Looking at some of the more common pythagorean triples, I noticed a trend that there are usually two numbers which differ by only one or two, with more much smaller or larger number in comparison. For example:
$$5,12,13$$ $$8,15,17$$ $$7,24,25$$ $$20,21,29$$ $$12,35,37$$ $$9,40,41$$ and so on...
I was wondering whether there is some deeper algebraic or geometric reason for this, or whether it is just a coincidence with the numbers I have chosen?
On
All pythagorean triples are given by
$$a = m^2 - n^2 ,\ \, b = 2mn ,\ \, c = m^2 + n^2 $$
for any pair $m>n>0$.
In order to have a small $a$ we can set $m=n+k$ with $k$ small and therefore
therefore
$$b-c=k^2$$
which tends to be relatively "small".
On
If you want for example that $$c=b+1$$
you choose $a$ such that
$$a^2=2b+1=(2k+1)^2$$
or $$b=2k^2+2k$$ for $k=3$ you get $$b=24 , a=7 \text{ and } c=25$$
On
A primitive Pythagorean triple is of the form $$m^2-n^2, 2mn, m^2+n^2$$ where $m\gt n$, $m,n$ have no common prime factor and one of $m,n$ is even.

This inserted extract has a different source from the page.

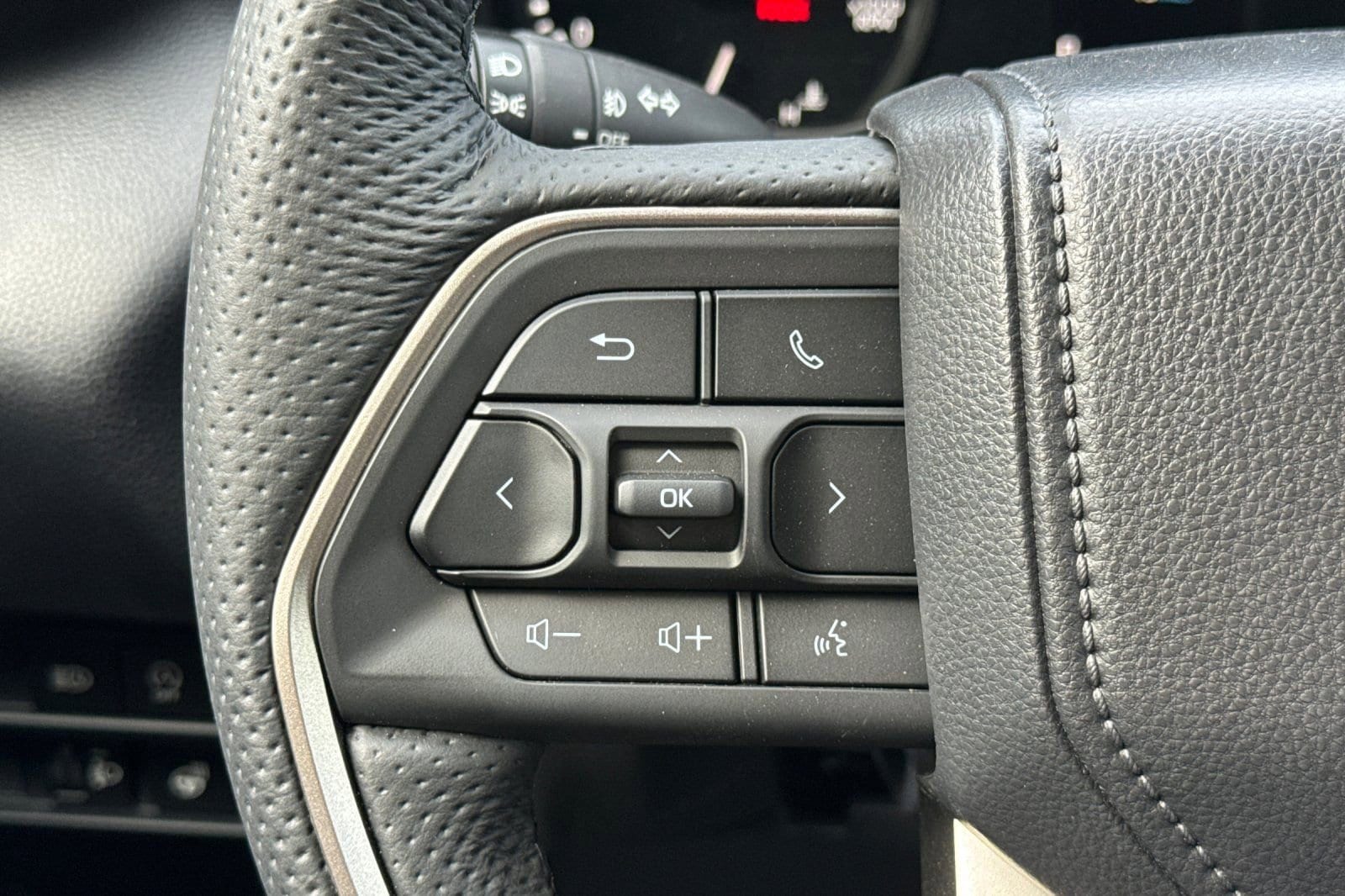 2026 Toyota Tundra SR5 - Photo 26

If $n=1$ you automatically have two numbers which differ by $2$. If $m=n+r$ then you have $2n^2+2nr$ and $2n^2+2nr+r^2$ so if $m-n=1$ you automatically have sides which differ by $1$.
Now look at the first few possible pairs for $m,n$
We have $2,1$ giving $3,4,5$ Then $3,2$ giving $5,12,13$ And $4,1$ with $15, 8, 17$ And $4,3$ with $7, 24, 25$ And $5,2$ with $21, 20, 29$ etc
This last is not one of the ones I caught, but the closeness here is essentially because the numbers $m$ and $n$ are small.
As numbers get larger, cases like $10,7$ giving $51, 140, 149$;
or $10,3$ leading to $91, 60, 109$ become more typical.
On
The well-known Euclid's formula is $A=m^2-n^2\quad B=2mn\quad C=m^2+n^2$ and generates trivial triples, all primitives, doubles and square multiples of primitives but in a seemingly random pattern. A variation replaces $(m,n)$ with $(2n-1+k,k)$, produces no trivial triples, and generates only the subset where GCD(A,B,C) is an odd square:
$$A=(2n-1)^2+2(2n-1)k\quad B=2(2n-1)k+2k^2\quad C=(2n-1)^2+2(2n-1)k+2k^2$$ This formula generates a distinct pattern of sets that can be seen in the sample below where the increment between values of $A$ in each set is $2(2n-1)$ and $C-B=(2n-1)^2$.
$$\begin{array}{c|c|c|c|c|} n & Triple_1 & Triple_2 & Triple_3 & Triple_4 \\ \hline Set_1 & 3,4,5 & 5,12,13& 7,24,25& 9,40,41\\ \hline Set_2 & 15,8,17 & 21,20,29 &27,36,45 &33,56,65\\ \hline Set_3 & 35,12,37 & 45,28,53 &55,48,73 &65,72,97 \\ \hline Set_{4} &63,16,65 &77,36,85 &91,60,109 &105,88,137\\ \hline \end{array}$$
Setting $n=1$ reduces formula to $$A=2k+1\quad B=2k(k+1)\quad C=2k(k+1)+1$$ and generates only $Set_1$ where $C-B=1$.
Setting $k-1$ reduces the formula to $$A=4n^2-1\quad B=4n\quad C=4n^2+1$$ and generates only the first member of each set where $C-A=2$.
Another unrelated formula generates only the rare triples where $B-A=1$ such as $(3,4,5), (20,21,29), (119,120,169), (696,697,985)$. That formula begins with $A_1,B_1,C_1=3,4,5$ and then builds each triple based on its predecessor: $$A_{n+1}=3A_n+2C_n+1\quad B_{n+1}=3A_n+2C_n+2\quad C_{n+1}=4A_n+3C_n+2$$
There are an infinite number of these but they get scarcer with altitude; Excel can only generate 19 or them before resulting in trailing zeros. The $19^{th}$ is $(211929657785303,211929657785304,299713796309065)$.
This comes from the fact that, when $n$ is odd$$\left(n,\frac{n^2-1}2,\frac{n^2+1}2\right)$$is a pythagorean triple and, when $n$ is even,$$\left(n,\left(\frac n2\right)^2-1,\left(\frac n2\right)^2+1\right)$$is a pythagorean triple too. In the first case, the second and the third numbers differ by $1$ and, in the second case, they differ by $2$.